Lanhill is so nearly upon the road that a glance at the right moment and you can see it. Lifelong locals say they have never even heard of it; like a door in a familiar passageway passed a thousand times yet unheeded.
Approaching in the shade of the hedgerow I notice that the bluebells are blue but still tightly packed and with each step the proximity of the road becomes a muffled thing to the point that, as I reach the barrow, the rumbling has slipped out of my consciousness entirely and will stay that way for two hours or so.
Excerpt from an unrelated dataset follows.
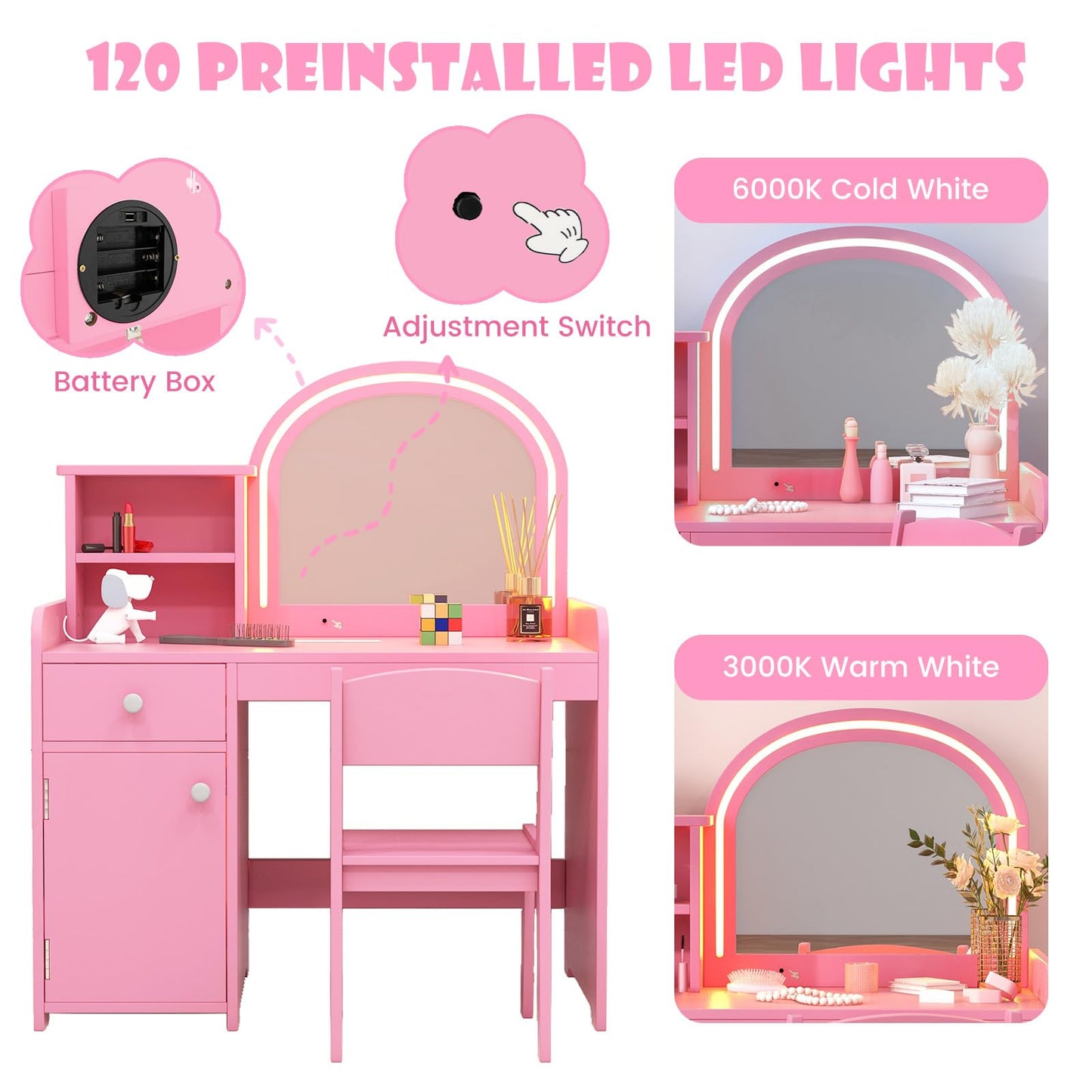 INFANS Kids Vanity, Princess Makeup Desk and Chair Set with Lights Mirror Drawer Storage Shelves, Wooden Dressing Table, Pretend Play Vanity Set for Girls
Despite many episodes of stone pilfering and sometime disorderly excavation this barrow stills stands; aided along the way by reconstruction. It is featureless from here and reminiscent of a giant belly. One way of thinking suggests this was the intention. It is tricky to get into the minds of the architects but I am seduced by thoughts that internment here marked return to the womb of the Goddess and ultimately the journey to the Underworld.
My eye is drawn toward the beech tree that reaches toward and over with such effort deep stretch marks beautifully scar the underside of its limbs. The beech and its companions follow the edge of the tangled shadow that is a dry ditch. On between the hedge and the barrow and circumventing the beech I notice around the base of its melded trunks harsh wire fencing protruding like careless stitches and 18 inches up a strange trapping; a twig gripped by two trunks grown into one. My new friend has a vociferous appetite for its surroundings.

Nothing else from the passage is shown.